As I said earlier Mozilla SimplePush and Ubuntu Push are different than the other services in one aspect. They don’t require per-app authentication. So Ubuntu phone or Firefox OS users can run their own app server. They just need to activate the internal app server in their mod_push configuration. On the other platforms apps have to use an external app server run by the app developer. mod_push allows both setups.
That’s not all. Other XMPP servers like prosody should get invited to the party too. So I started oshiya. Oshiya is an XMPP component which is an app server with the same XMPP interface as mod_push. So clients can choose between ejabberd with mod_push installed or any XMPP server with oshiya connected. Both setups should be compatible. I hope this will help spread push in the XMPP world.

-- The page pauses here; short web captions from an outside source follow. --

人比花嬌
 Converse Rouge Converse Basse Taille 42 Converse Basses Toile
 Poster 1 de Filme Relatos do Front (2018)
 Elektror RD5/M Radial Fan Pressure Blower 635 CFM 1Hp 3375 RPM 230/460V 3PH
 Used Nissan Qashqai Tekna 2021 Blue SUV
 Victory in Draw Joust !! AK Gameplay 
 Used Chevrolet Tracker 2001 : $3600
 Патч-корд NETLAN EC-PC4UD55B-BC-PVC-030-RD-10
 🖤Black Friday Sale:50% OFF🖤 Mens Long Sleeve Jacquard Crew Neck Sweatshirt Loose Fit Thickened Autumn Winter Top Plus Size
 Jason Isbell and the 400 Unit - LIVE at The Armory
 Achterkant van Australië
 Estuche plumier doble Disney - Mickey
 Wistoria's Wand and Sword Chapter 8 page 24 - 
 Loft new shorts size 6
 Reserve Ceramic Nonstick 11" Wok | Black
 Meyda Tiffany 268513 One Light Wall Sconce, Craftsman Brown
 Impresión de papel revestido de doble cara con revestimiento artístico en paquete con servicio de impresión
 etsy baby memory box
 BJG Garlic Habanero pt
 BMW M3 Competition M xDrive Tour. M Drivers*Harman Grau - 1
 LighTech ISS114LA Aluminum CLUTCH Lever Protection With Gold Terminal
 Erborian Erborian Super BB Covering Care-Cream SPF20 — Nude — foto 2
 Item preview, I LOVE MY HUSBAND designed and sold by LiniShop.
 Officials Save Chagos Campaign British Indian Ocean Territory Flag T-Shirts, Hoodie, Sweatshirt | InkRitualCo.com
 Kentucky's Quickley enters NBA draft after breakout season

Both mod_push and oshiya will support the same set of push services (for implementation status see the next section). These are:
- APNS (Apple push notification service)
- GCM (Google cloud messaging)
- Mozilla SimplePush
- Ubuntu Push
- WNS (Windows notification service)
An important implementation detail is how ejabberd distinguishes between connected and disconnected clients. mod_push uses stream management’s resumption feature for that. Clients are expected to close their connection when they’re about to be stopped. If a client enabled push before, mod_push will initiate push notifications from now on until the client resumes its XMPP stream. Another approach would be to close the XMPP stream completely when the app is stopped. The advantage of my approach is that clients will keep their presence state which is important for MUC rooms for example.
Both mod_push and oshiya still require some work. Right now mod_push is the more mature project. It made some modifications of ejabberd necessary which are not yet merged back into master. So running mod_push currently requires my ejabberd branch. Hopefully this will change soon.
oshiya does not support all push services yet (Mozilla SimplePush and WNS are missing). It does not support service discovery yet either. Besides that I will try to build oshiya packages for popular linux distributions soon (help is very welcome) and I’ll write more documentation too.
Last but not least I’ll cooperate with app developers and try and help fixing issues that might come up. I know of some people who are already actively working on mobile XMPP apps supporting push. Of course everyone is invited to try my software and file bug reports.
If you wonder how mobile XMPP’s future will look like you should also have a look at another important project in this year’s GSoC. I’m quite optimistic.